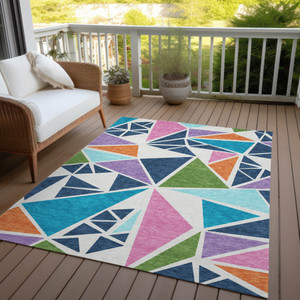 9' X 12' Dark Blue Green And Pink Geometric Washable Indoor Outdoor Area Rug
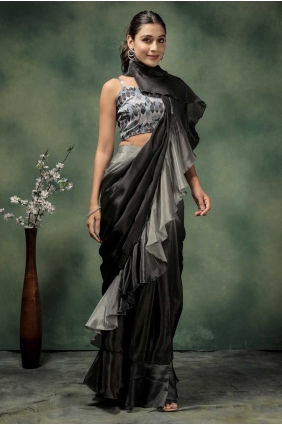 Grey Saree in Printed Satin SR28729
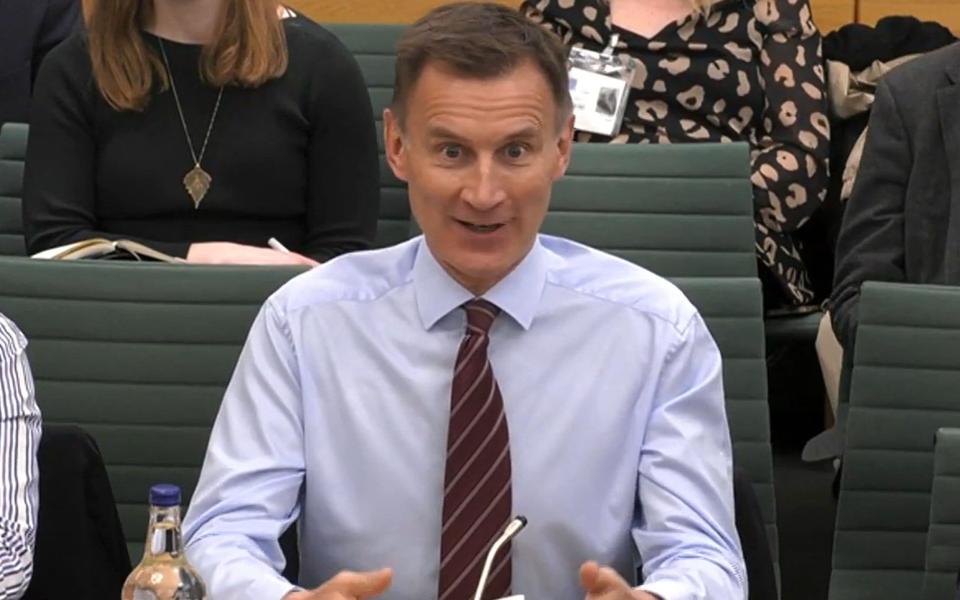 Jeremy Hunt gives evidence to the Treasury select committee - PRU/AFP via Getty Images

Problem:
Give the listing again word for word, but drop every picture.

Response below:
 9' X 12' Dark Blue Green And Pink Geometric Washable Indoor Outdoor Area Rug
 Grey Saree in Printed Satin SR28729
 Jeremy Hunt gives evidence to the Treasury select committee - PRU/AFP via Getty Images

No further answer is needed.